A spellbinding epic tale of ambition, anarchy, and absolute power set against the sprawling medieval canvas of twelfth-century England


I hate to restrict myself to a particular genre, but I do like a good historical novel. I am particularly drawn to ones set in England because I lived there one summer while attending classes. Although I spent much of my time in Cambridge, I made it a point to venture out every chance I got to visit historic sites, one of which was Westminster Abbey. To this day, I will always remember being in complete awe at the magnitude and beauty of such a structure, especially considering its present construction began in 1245. (The site had been used by Benedictine monks since the tenth century)

I was absolutely dumbstruck upon realizing that I literally walking through history, and a very old history at that. Perhaps to some this may seem a bit much, but remember I am an American, and structures such as these do not exist in our country. During that same trip I also had the opportunity to visit Notre Dame de Paris and again, I was awed.

It was not until reading this book that I began to look at each building with a new understanding. These churches were not built with your typical construction materials. They were constructed using the blood, sweat, and tears of entire communities.

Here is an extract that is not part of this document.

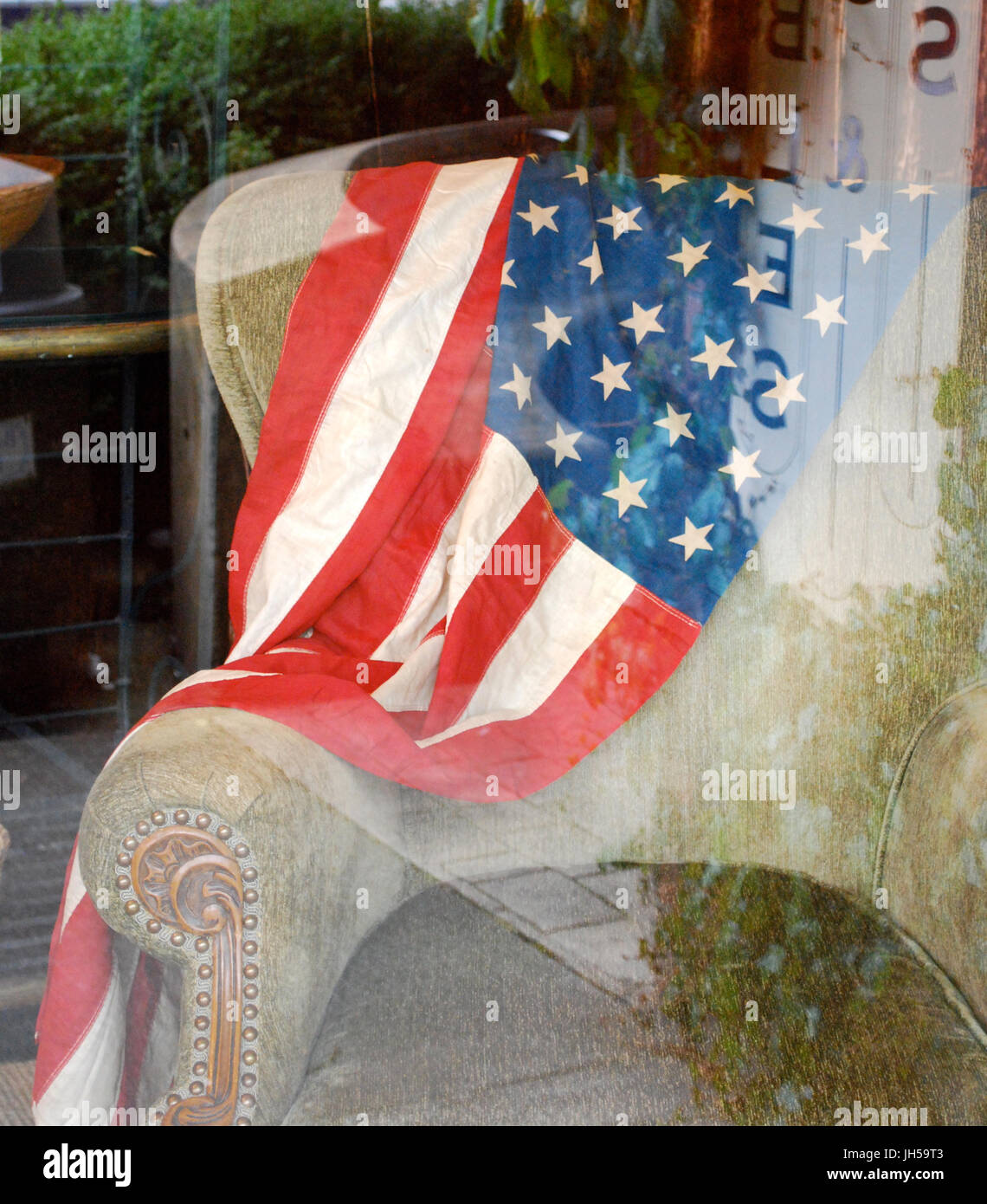 Amerikanische Flagge drapiert über einen Vintage Stuhl - vierten Juli Schaufenster Bainbridge Island, WA. USA Stockfoto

Ken Follett brings to life, albeit through fiction, the issues these people had to face on a day-to-day basis, not the least of which was simply to survive. In the midst of this we have the characters of Philip the prior of Kingsbridge and Tom Builder; both obsessed with building a magnificent cathedral.

As Follett states in the preface:

The building of medieval cathedrals is an astonishing phenomenon. The builders had no power tools, they did not understand the mathematics of structural engineering, and they were poor…Yet they put up the most beautiful buildings that have ever existed, and they built them so well that they are still here, hundreds of years later, for us to study and marvel at.

Follett became fascinated about these churches, and after my experiences at Westminster and Notre Dame, I can understand why. From there he began to form his thoughts and create a story to integrate not only what he had learned about these churches and their builders, but the times in which they lived and how it affected every aspect of their lives. Thus along the path to the completion of Kingsbridge Cathedral, Tom and prior Philip must contend with civil war, famine, and the consequences of blind ambition.

As historical novels go, this is one of the best I have read in a long time. I cannot believe it was published in 1989 and I have only discovered it just now. (Of course I became a single parent that year, so it may be understandable to some when I say I may have been a bit distracted)

Another possibility comes from Follett himself as he notes:

This [is] a word-of-mouth book. It’s a truism of the book business that the best advertising is the kind you can’t buy: the personal recommendation of one reader to another.

And of course, he is right. That is how I discovered this book. And, if you have made it this far into my review, perhaps I can continue this trend. I am giving this book 4 Stars and a strong recommendation that you give it read. Yes, 973 pages is quite a commitment. But it is worth it.